The bare-bones YouWeCan website doesn't give much information besides listing the people who will manage the effort for the cricketer. An easily missed line at the bottom of one of the web pages, however, does invite start-ups to send their profiles and proposals, promising them that "Yuvraj Singh is with you with all he has - brand, marketing strength, technology team and financial consulting. Yuvraj will endorse your business idea and give you the kick-start you need."
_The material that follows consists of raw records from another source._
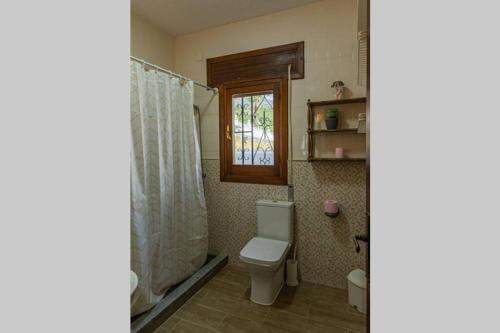 a bathroom with a toilet and a shower and a window at Casa La Albaida, Estación de Cortes de la Frontera in Cortes de la Frontera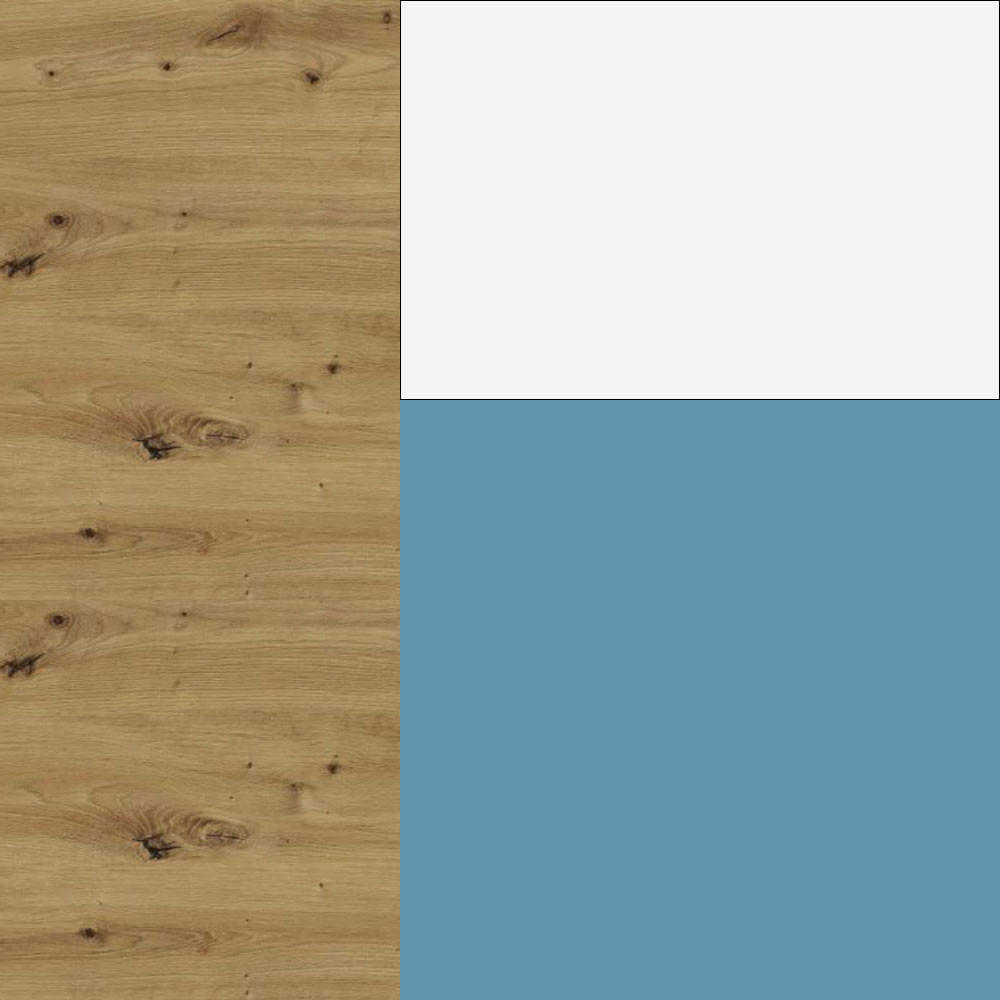 L-FORM KÜCHENZEILE Bari (16-tlg) Eiche Artisan / Pastellblau - Signalweiß - Blau, Holzwerkstoff/Metall (347/243/202cm) - Feldmann-Wohnen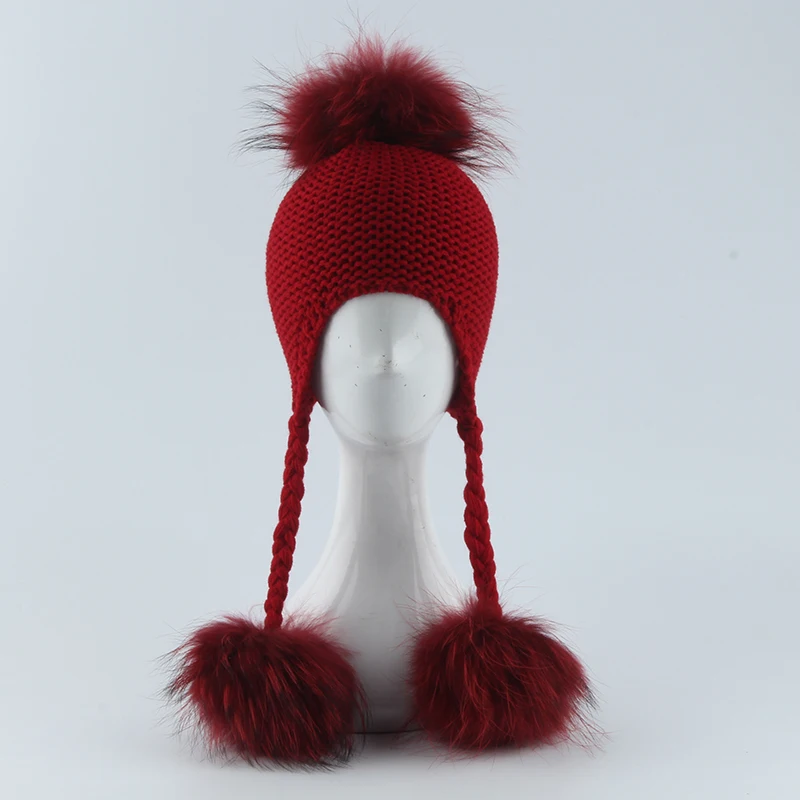 Зимняя детская Шапка-бини, Детская шапка-ушанка с 3 помпонами, шерстяная шапка с натуральным мехом, шапка с помпонами для мальчиков и девочек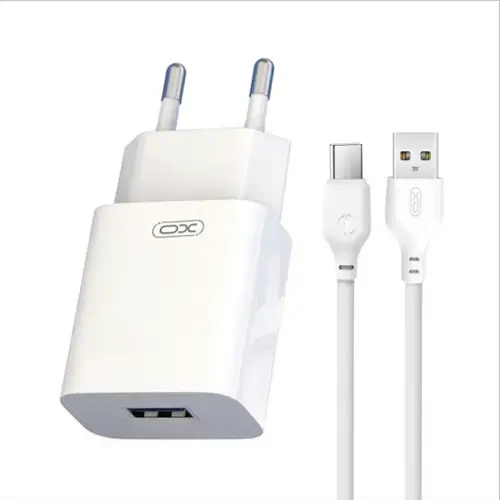 Incarcator Retea Cu Cablu USB-C XO Design L99, 12W, 2.4A, 1 x USB-A (Alb)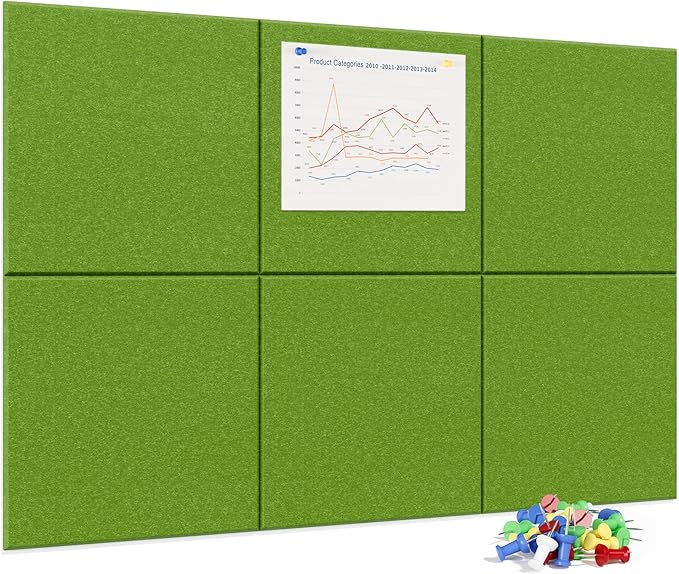 Neatsure Large Cork Board for Wall, 6 Panels Felt Tiles Tack Push Pin Board for by Neatsure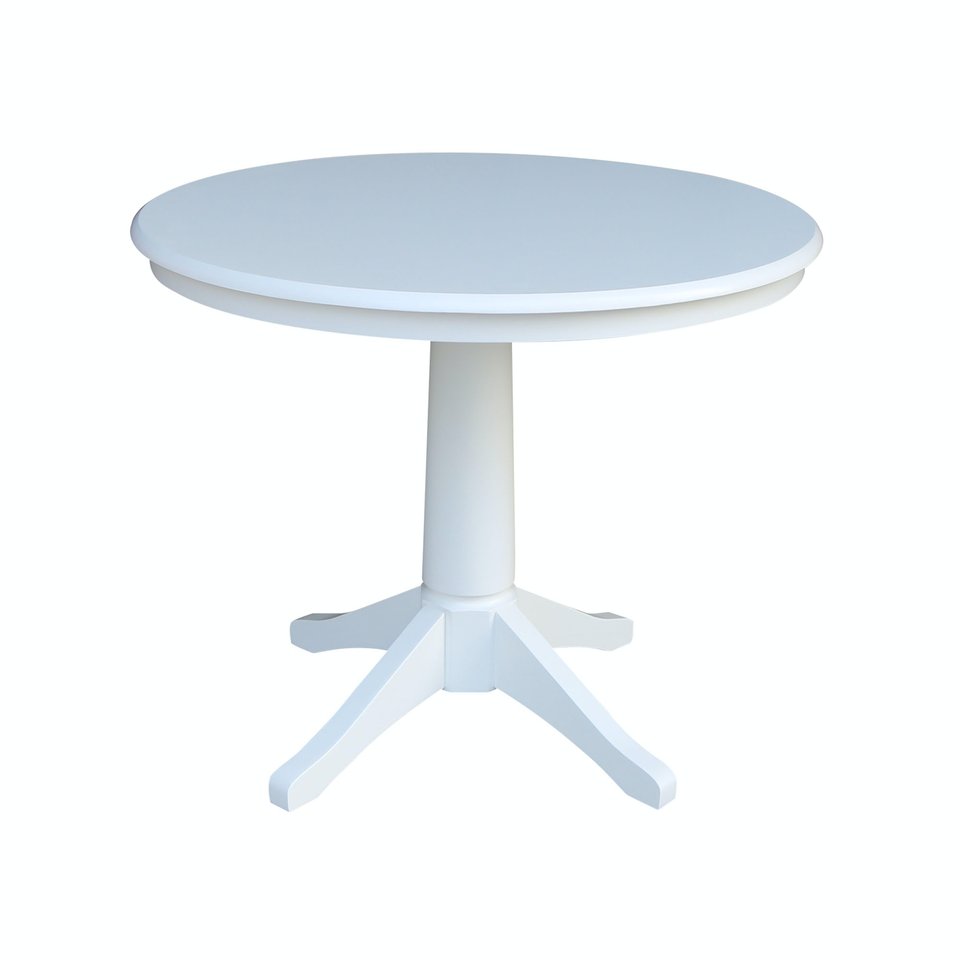 Dining Essentials - 36" Round Table Top w/ 30" H Transitional Pedestal in Pure White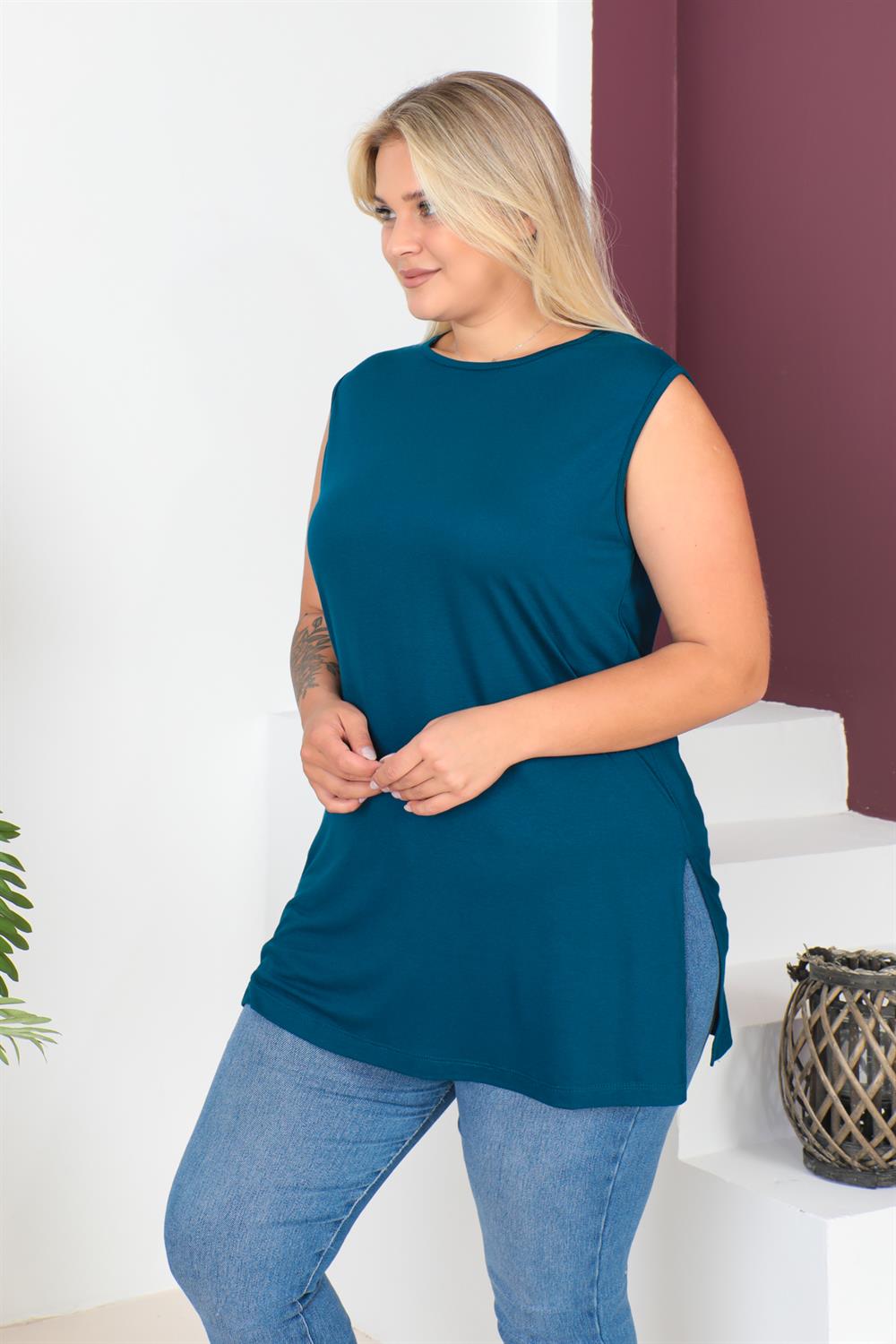 Petrol Büyük Beden Penye Kolsuz Bluz T-shirt - İçlik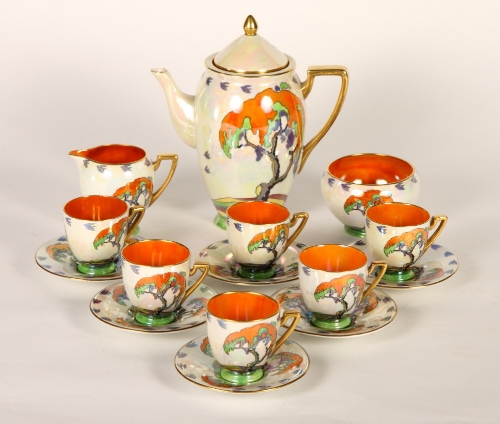 A Carlton ware ""Landscape Tree 3142"" coffee set for six (illustrated)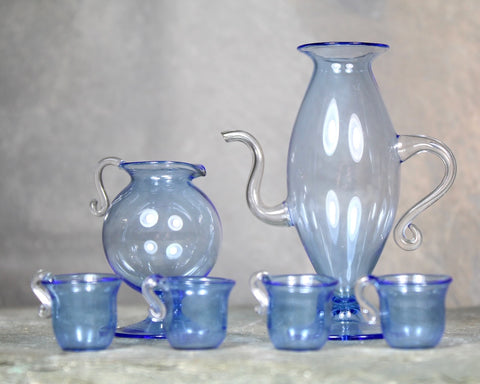 RARE! Antique Fine Glass Dollhouse Scale Pitchers and Cups | Blue Glass Miniature 2 Pitchers and 4 Cups | Bixley Shop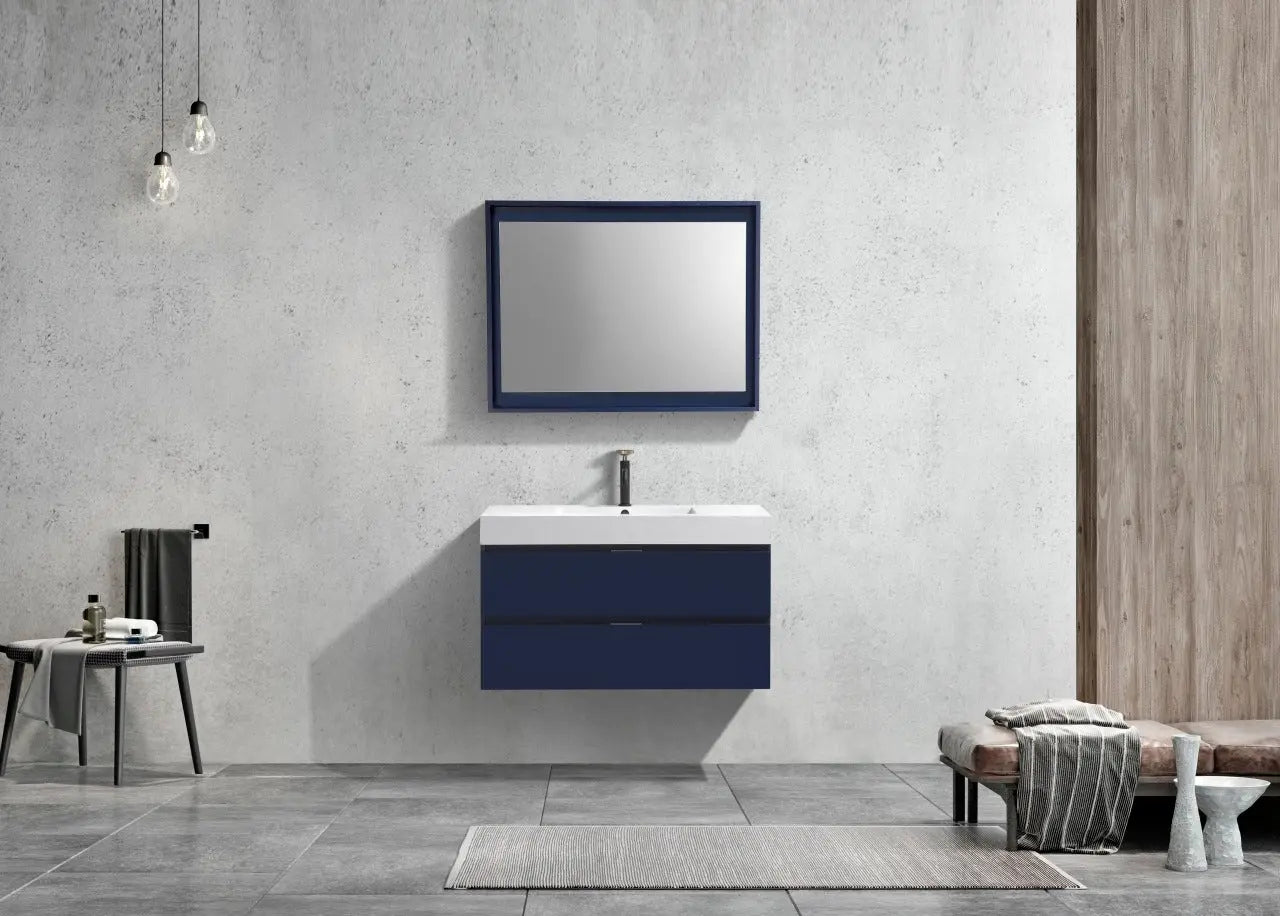 Kube Bath Bliss 40″ Blue Wall Mount Modern Bathroom Vanity - Plumbing Market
Known more as an irrepressible partygoer with a bevy of celebrity candies on his arm, Singh is honest enough to admit that he is not much of a businessman. Unlike many of his compatriots in the Indian team, he hasn't even invested in restaurants that feed off their names, among them Sachin Tendulkar, Zaheer Khan and even S Sreesanth, "You don't have to believe I will be a good entrepreneur but you have to believe I can help a lot of people who need the support," was his candid response in an interview he gave to CNBC-TV18 soon after announcing his new interest in e-commerce.
He will rely on his good friends to operationalise the initiative. The e-commerce investment idea will be led by Nishant Singhal, the Punjab cricketer's business advisor for the past half decade. Singhal, a chartered accountant, was earlier with PricewaterhouseCoopers. He has similarly fallen on the support of another ally of long standing, Nishant Jeet Arora, a former mediaperson, for the work at the Yuvraj Singh Centre of Excellence, which, in the words of Singh himself, has been set up "to create a world where young cricketers are given a stage to learn and grow - with the guidance of experts, modern methods, best training practices and world class facilities". The centre runs cricket camps in Gwalior, Bilaspur, Noida, Gurgaon and Dwarka, with individual sponsors putting in around Rs 50,000 per year to adopt each underprivileged talent.
It is ironic that in the same week that Singh decided to hold the hands of beginners dreaming of financial success, his father, former cricketer and Punjabi actor Yograj Singh, should have called upon destiny to render the captain of the Indian one-day team, M S Dhoni, penniless. Singh quickly stepped in to soothe ruffled feathers, as he had just days before the World Cup in Australia began when his father had ranted similarly. The elder Singh's frustrations were triggered by the exclusion of his son from the Indian cricket team. Once an indispensable Boy in Blue - which Indian fan will ever forget the six sixes he hit off Stuart Broad in the 2007 T20 World Cup match in Durban, South Africa? - Singh, paternal hopes notwithstanding, isn't the performer he used to be. That, though, hasn't stopped teams in the Indian Premier League from snapping him up for ridiculous sums. Last year, Royal Challengers Bangalore paid him Rs 14 crore. In return Singh only managed a middling on-field dividend for the franchise. This year, the Delhi Daredevils broke the IPL auction record, splashing out Rs 16 crore for him. Now that, as an earlier Business Standard report pointed out, is more than the worth of 1,079 companies listed on the Bombay Stock Exchange. Perhaps, Singh then does deserve his place up there with Tata and Premji!